Ближе к полудню, Герман столкнулся на верхней палубе с Русаковым.

– Говоров, ты чего по ночам орёшь?.. – завидев ундер-лейтенанта, с некоторым вызовом поинтересовался Мирон. – …Причём, уже который раз просыпаюсь от твоего, едва ли не бабского: ни то визга, ни то скуления.

Здесь стоит отметить, что каюты Говорова и Расакова располагались совсем рядом; друг от друга их отделяла лишь тонкая деревянная стена.

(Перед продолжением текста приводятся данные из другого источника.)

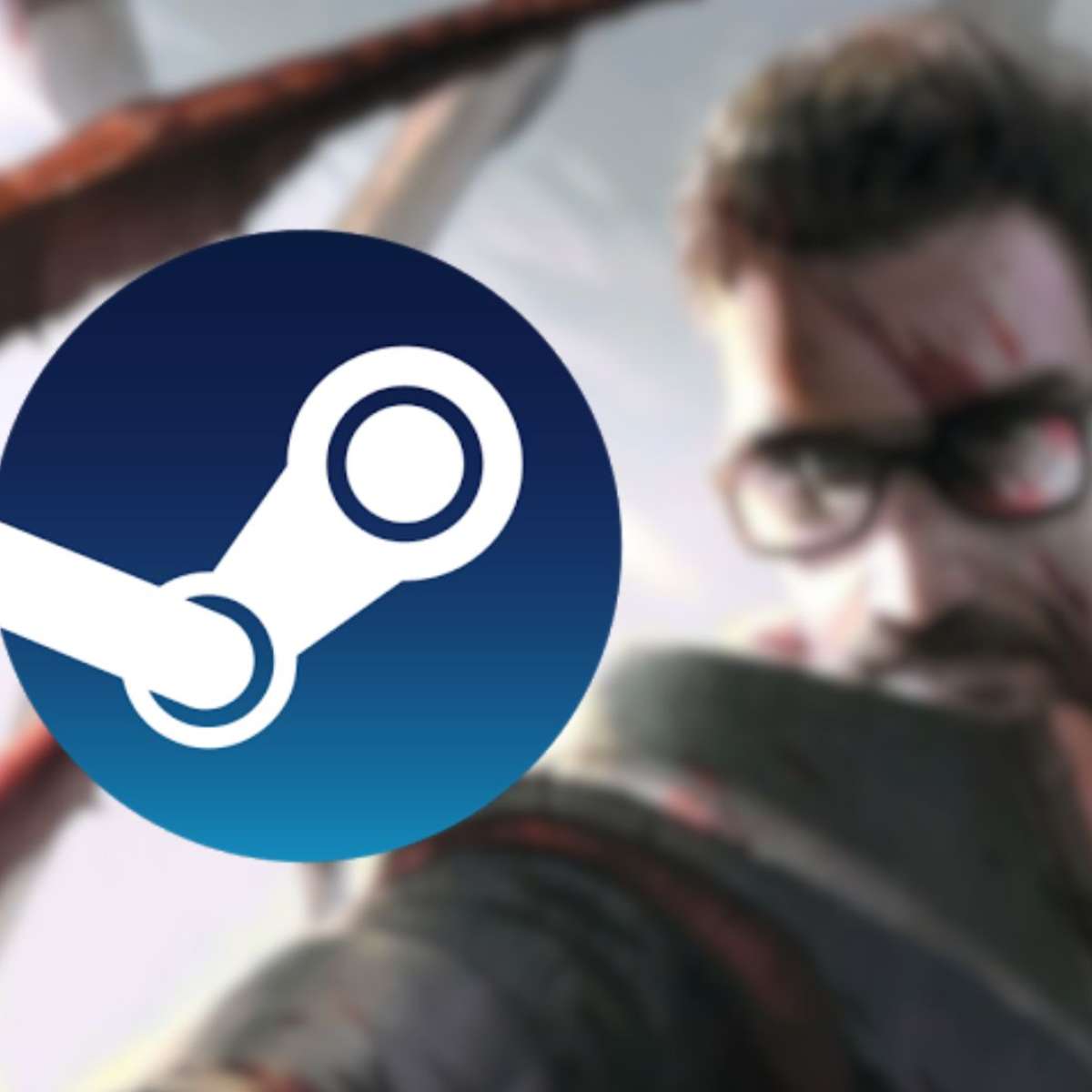 Aproveite! Todos os jogos de Half-Life ficam disponíveis de graça na Steam  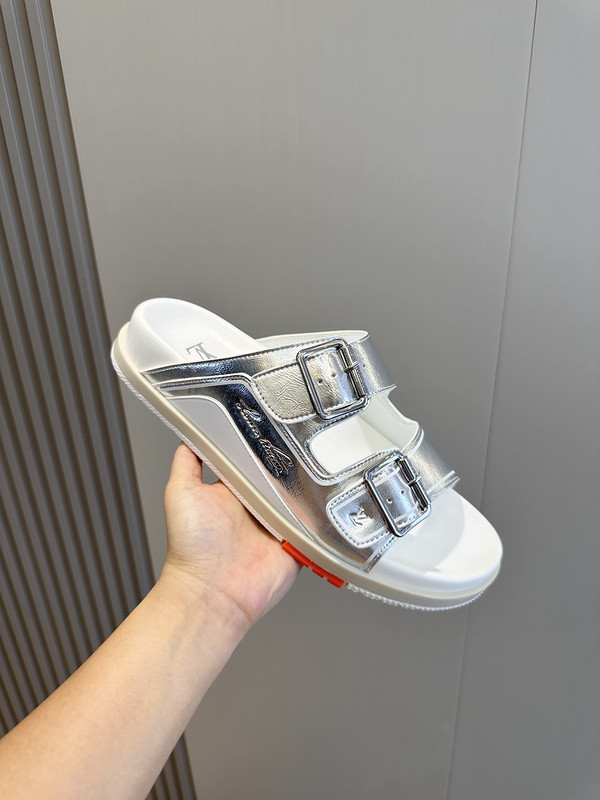 lvt sandals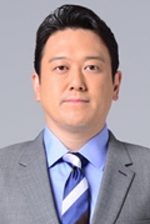 E慶野信一候補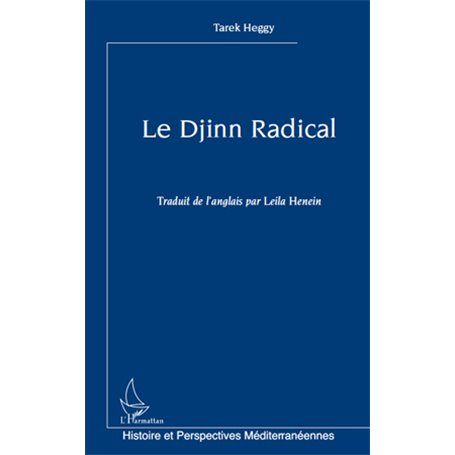 Le Djinn Radical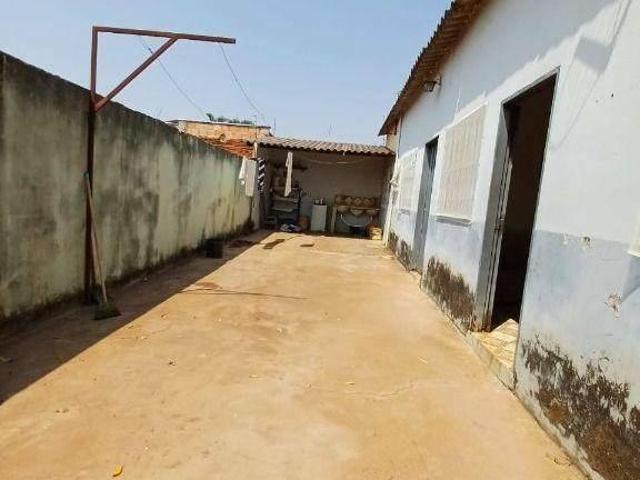 Casa venda em Região Geográfica Imediata de Uberaba, Uberaba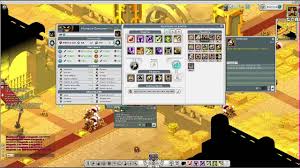 Wakfu Roublard 175 Et Terre Air Explication Build Youtube Combat is an important part of playing the game. wakfu roublard 175 et terre air explication build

Благо, Герману удалось перевести данный, не очень-то и приятный разговор в шутку. Дескать, после недавнего инцидента на берегу, Русакова более не отпускают с фрегата, потому и смотрит он за мирной жизнью лишь с палубы корабля, вот и мерещатся ему женские страдания с визгами, смехом и криками. Про себя ж, пожалуй, впервые Герман всерьёз призадумался над тем, с чем, собственно, он имеет нынче дело, если голоса его ночных посетительниц слышны и в соседних каютах.

«Если забавы, которыми я наслаждался на протяжении последних четырёх ночей, всего лишь сон, то каким образом завывания Хейлы мог услышать лейтенант? Он что ж, видел со мной один и тот же сон?

Ну, а в том случае, если всё ранее сказанное происходило наяву.… Да, нет. Этого не может быть. Каким-таким образом эти чёртовы «двойки» могли незаметно проникнуть не только в мою каюту, но и на судно? Да, и куда, все они девались позже, ближе к рассвету?

Помнится, я ранее размышлял о нечто среднем: полусном–полуявью. А может, речь сейчас идёт о некой бесовщине, магии, ворожбе…»


– …Тебе, случаем, не больно? – осторожно поинтересовался Герман, как только его мужской стержень оказался в Женевьеве.

Очередной гостьей Говорова нынче была стройная дама лет девятнадцати-двадцати. Она разбудила офицера среди ночи, погладив того своей нежной ладошкой. Ундер-лейтенант нашёл Женевьеву аккуратной, миниатюрной и чертовски обворожительной девушкой. Её струящиеся светлые волосы прикрывали оголённую грудь. В общем, весь негатив, с которым Герман столкнулся минувшей ночью, сам собой отошёл на второй план. Речь, как вы и сами наверняка поняли, идёт о Хейле, о её обидах и капризах.

Тем не менее, памятуя о своём недавнем, достаточно печальном опыте, ундер-лейтенант постарался быть с Женевьевой предельно тактичным и обходительным. Потому и задан был тот неожиданный вопрос, когда продолжительная и отчасти невинная прелюдия с поцелуями, поглаживаниями и прижиманиями тел, наконец-то переросла в нечто иное, в более серьёзную стадию.

Вместо ответа, девушка подалась немного вперёд, погрузив мужское естество ещё глубже. Широкие мужские ладони, блуждавшие по мягкому и нежному женскому телу, продолжали возбуждать и без того перевозбуждённую Женевьеву. Похоже, ей нравилось чувствовать себя хрупкой и беззащитной, рядом с высоким и сильным самцом.

После того, как дама сама двинулась навстречу, Говоров стал более активен и напорист. Его движения приобрели более быстрый и размашистый темп. В ответ, барышня принялась размеренно постанывать.

Дурман наслаждения разом развеяли голоса, вдруг донёсшиеся с обратной стороны каютной двери. Герман замер, чуть затаившись. Однако очень скоро голоса начали затихать. Двое мужчин, похоже, успели удалиться на почтительное растояние. Говоров продолжил в несколько ускоренном темпе.

И тут, как назло, утопая в океане удовольствий, Женевьева непроизвольно выкрикнула. Очевидно, в какой-то момент, девушка потеряла над собой контроль. Говоров тотчас зажал её рот своей ладонью.

«Твою ж мать, что ж они так орут?.. – чертыхнулся про себя офицер. – …Причём, орут в самый неподходящий момент».

Вновь прислушавшись к голосам за дверью, ундер-лейтенант понял, что они полностью стихли. То ли ушли, то ли услышав девичий крик, мужчины притихли. Говорову отчего-то стало стыдно. Стыдно за то, что он злостно нарушает дисциплину на судне. Тем не менее, Герман очень скоро успокоил себя мыслью о том, что ни даму, ни его самого – никто не видел. Быть может, лишь услышали короткий окрик. Если в его каюте, далее будет тихо, никто и вовсе не узнает, кому именно принадлежал тот довольный голосок, полный похоти и страсти. И главное, никто не узнает, из какой именно каюты он прозвучал. Потому и продолжал Герман держать свою ладонь на устах Женевьевы до тех самых пор, пока сам глухо не застонал.